▶ Recorded information

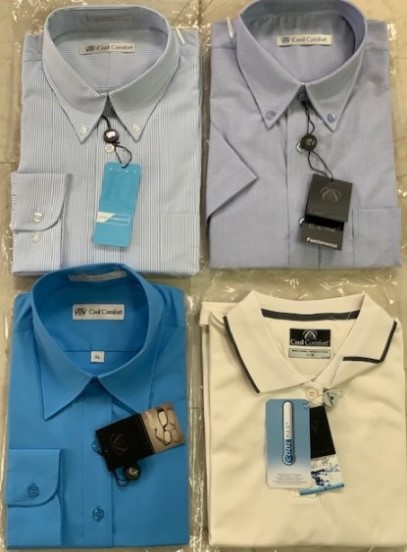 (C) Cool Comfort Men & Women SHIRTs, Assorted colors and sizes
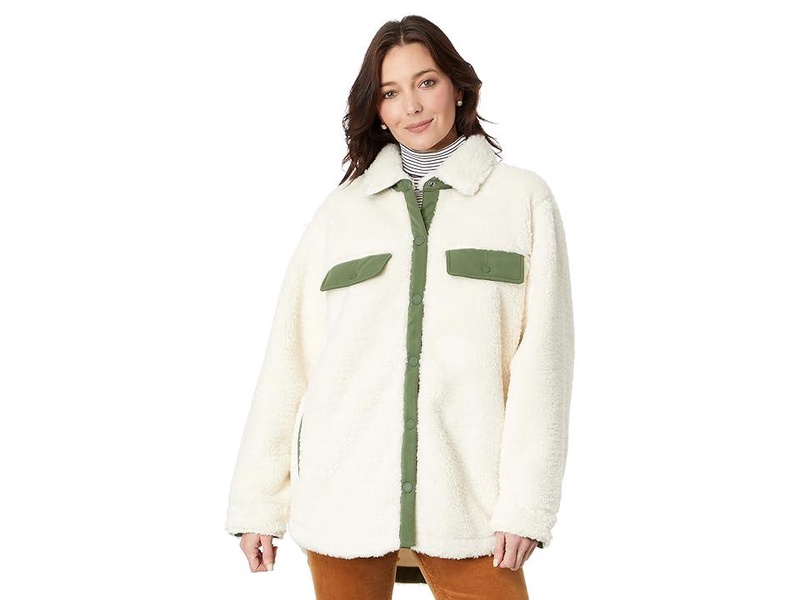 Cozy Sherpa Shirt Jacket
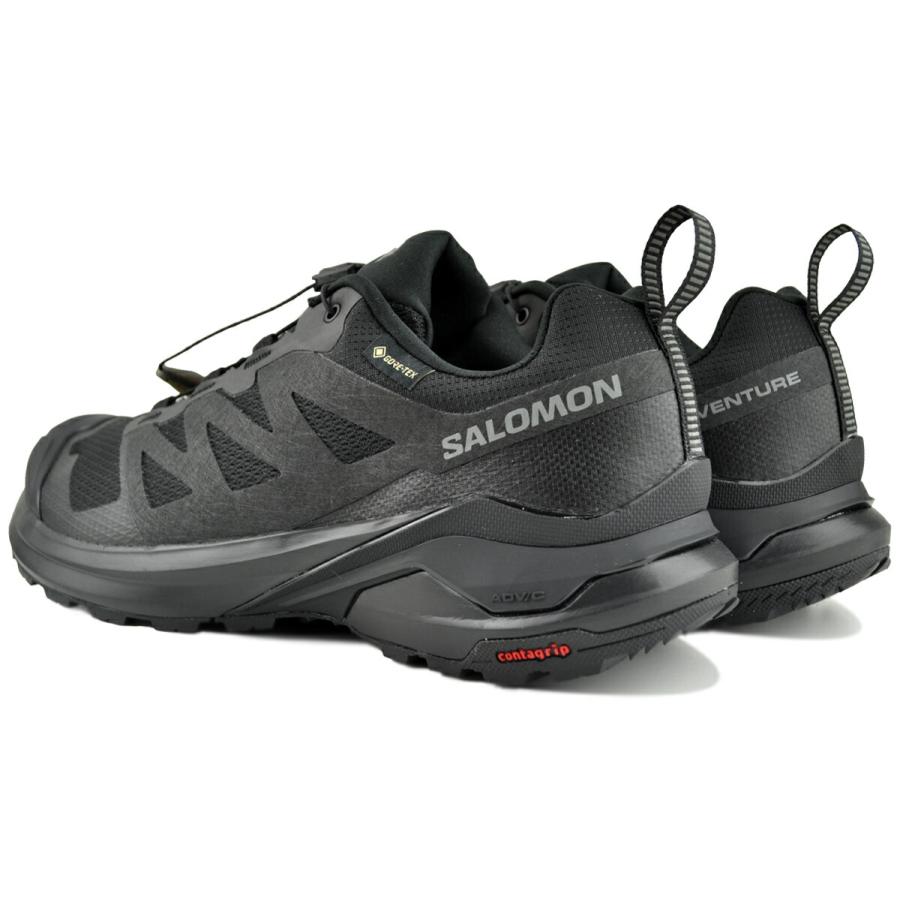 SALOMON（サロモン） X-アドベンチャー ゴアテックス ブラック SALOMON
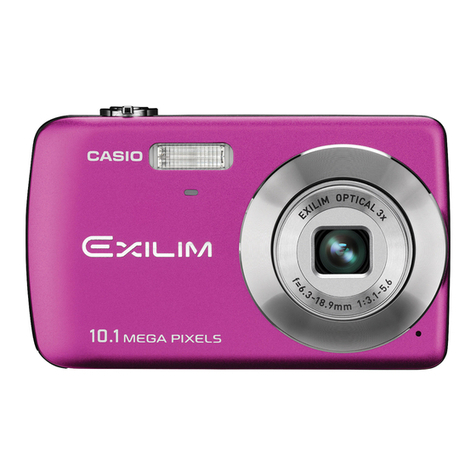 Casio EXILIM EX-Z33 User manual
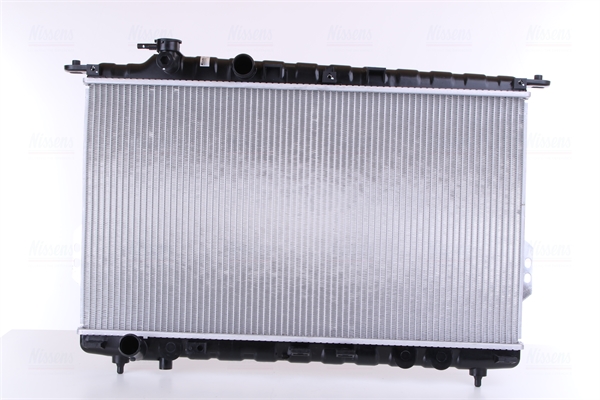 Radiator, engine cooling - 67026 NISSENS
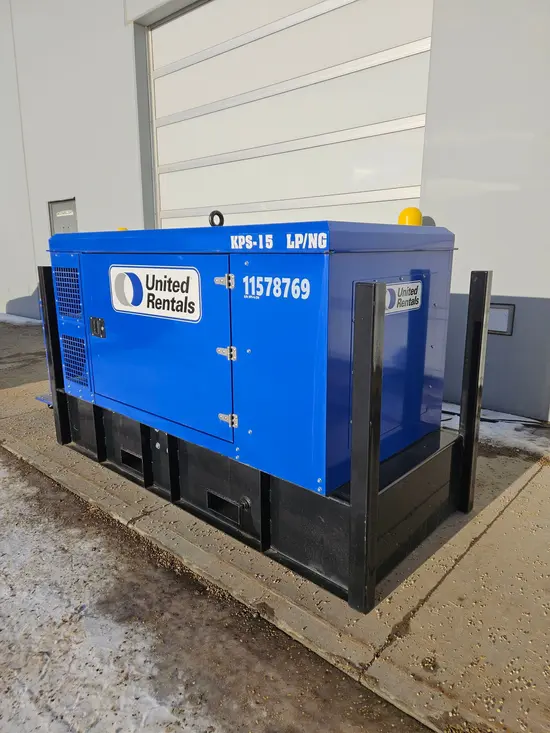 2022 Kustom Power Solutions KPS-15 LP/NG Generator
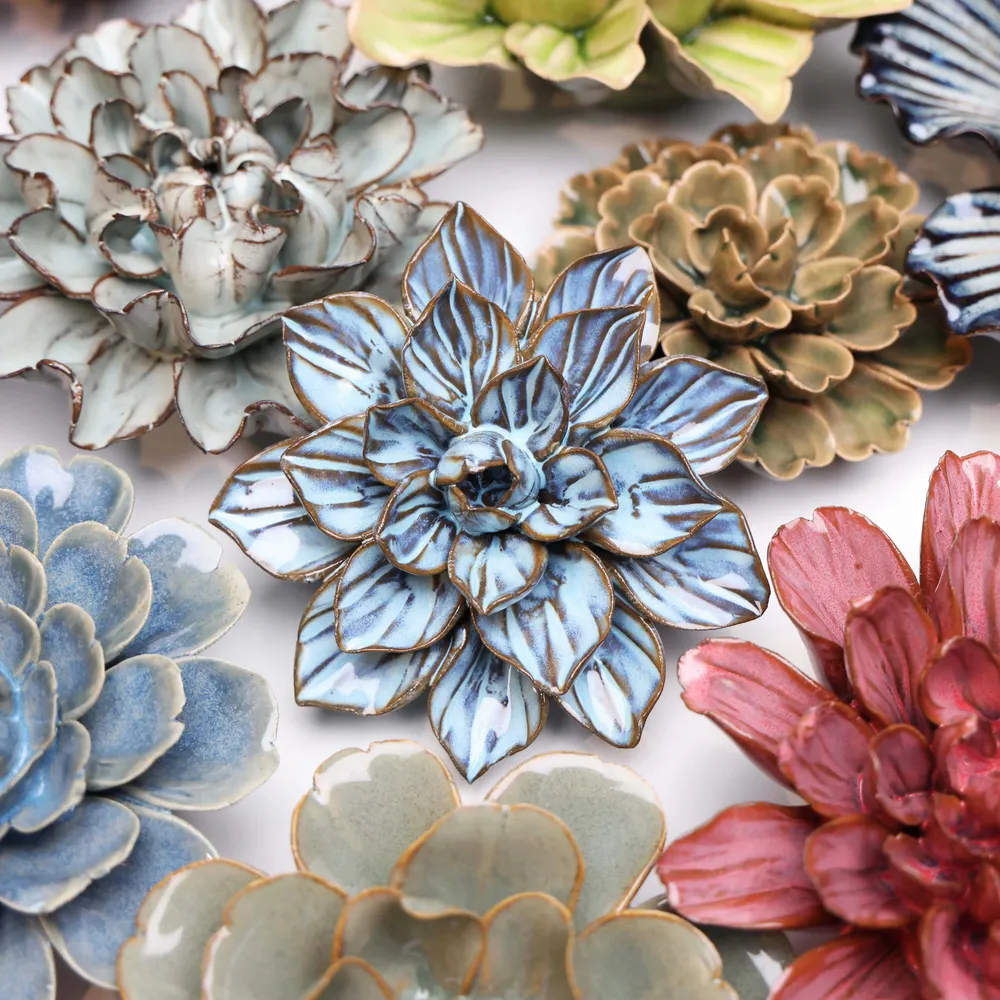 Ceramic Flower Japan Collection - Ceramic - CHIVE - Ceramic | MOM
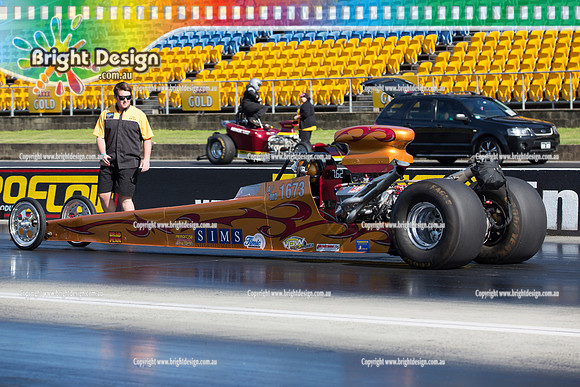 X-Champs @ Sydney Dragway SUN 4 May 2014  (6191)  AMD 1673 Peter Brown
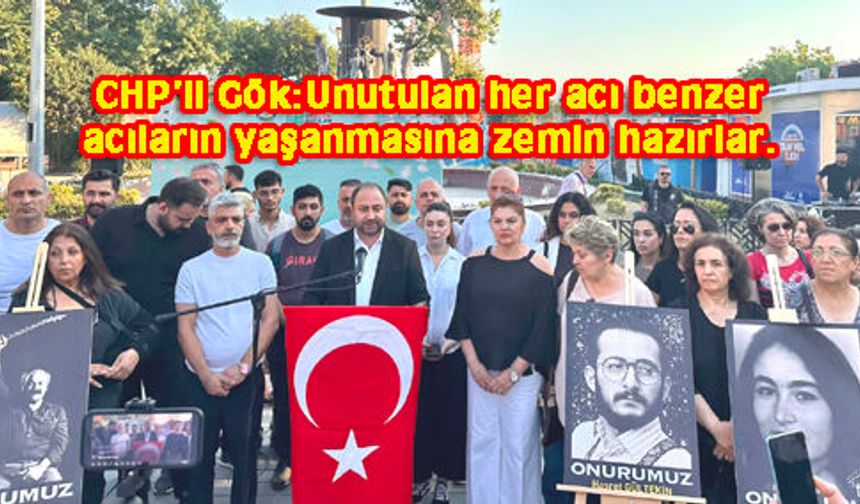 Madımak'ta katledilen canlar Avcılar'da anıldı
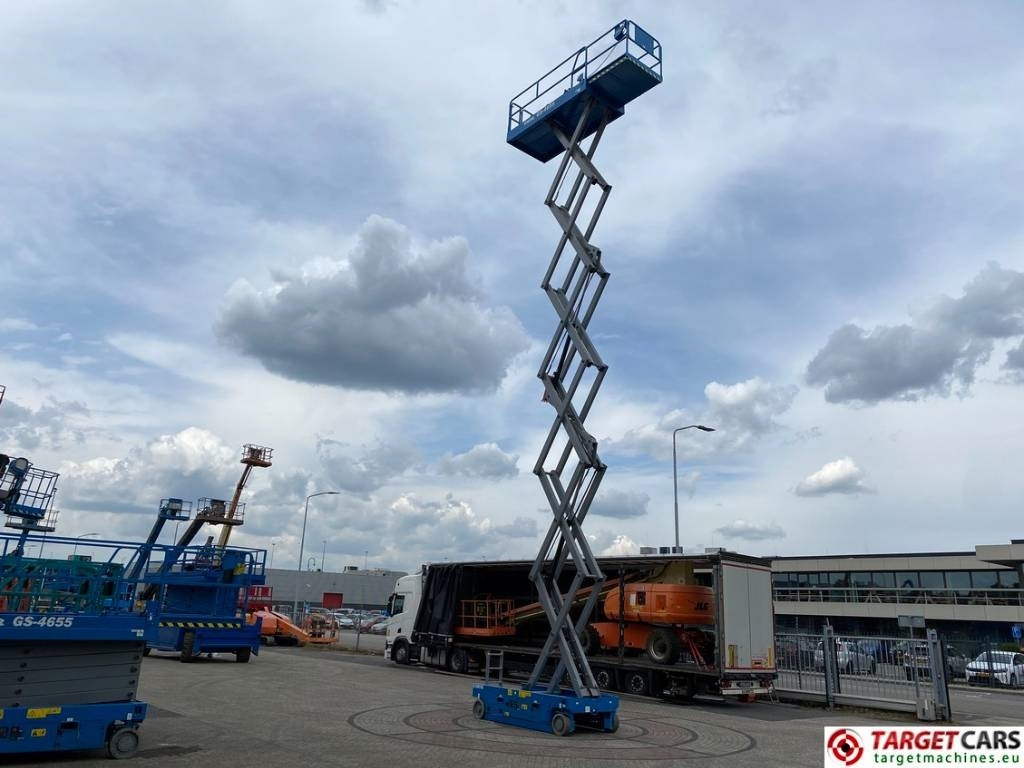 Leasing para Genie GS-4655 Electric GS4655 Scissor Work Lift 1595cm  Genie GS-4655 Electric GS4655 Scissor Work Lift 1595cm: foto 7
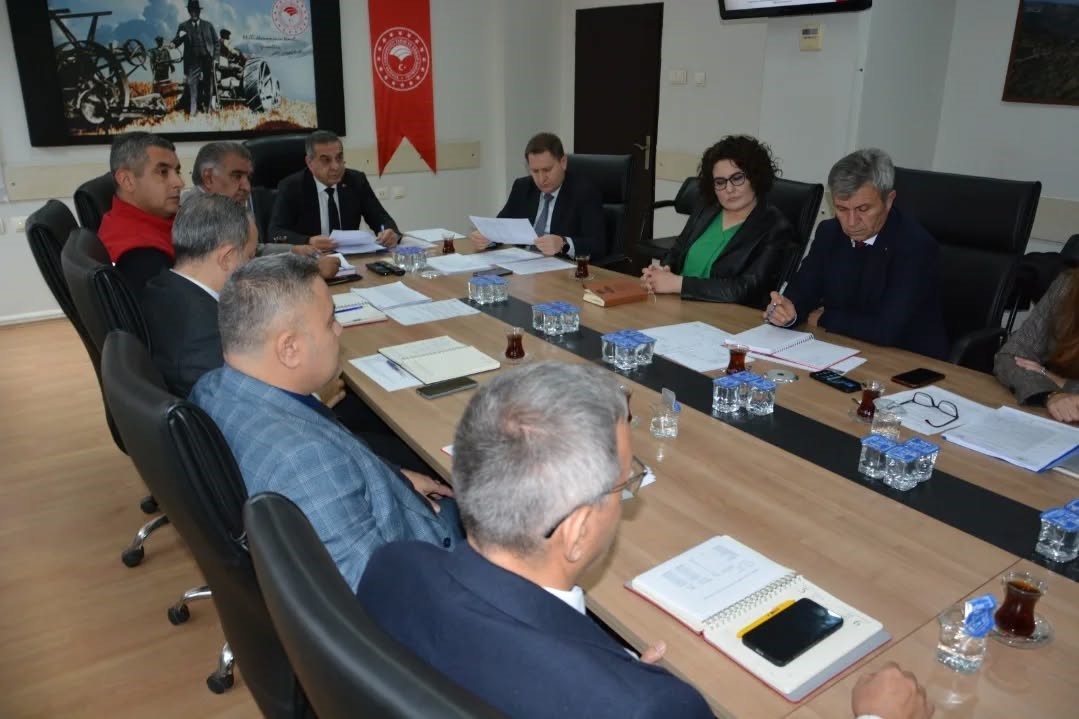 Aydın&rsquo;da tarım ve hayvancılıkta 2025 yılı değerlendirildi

▶ Your instructions
For this exercise, retype the listing above word for word and omit the pictures.

▶ Response area
 (C) Cool Comfort Men & Women SHIRTs, Assorted colors and sizes
 Cozy Sherpa Shirt Jacket
 SALOMON（サロモン） X-アドベンチャー ゴアテックス ブラック SALOMON
 Casio EXILIM EX-Z33 User manual
 Radiator, engine cooling - 67026 NISSENS
 2022 Kustom Power Solutions KPS-15 LP/NG Generator
 Ceramic Flower Japan Collection - Ceramic - CHIVE - Ceramic | MOM
 X-Champs @ Sydney Dragway SUN 4 May 2014  (6191)  AMD 1673 Peter Brown
 Madımak'ta katledilen canlar Avcılar'da anıldı
 Leasing para Genie GS-4655 Electric GS4655 Scissor Work Lift 1595cm  Genie GS-4655 Electric GS4655 Scissor Work Lift 1595cm: foto 7
 Aydın&rsquo;da tarım ve hayvancılıkta 2025 yılı değerlendirildi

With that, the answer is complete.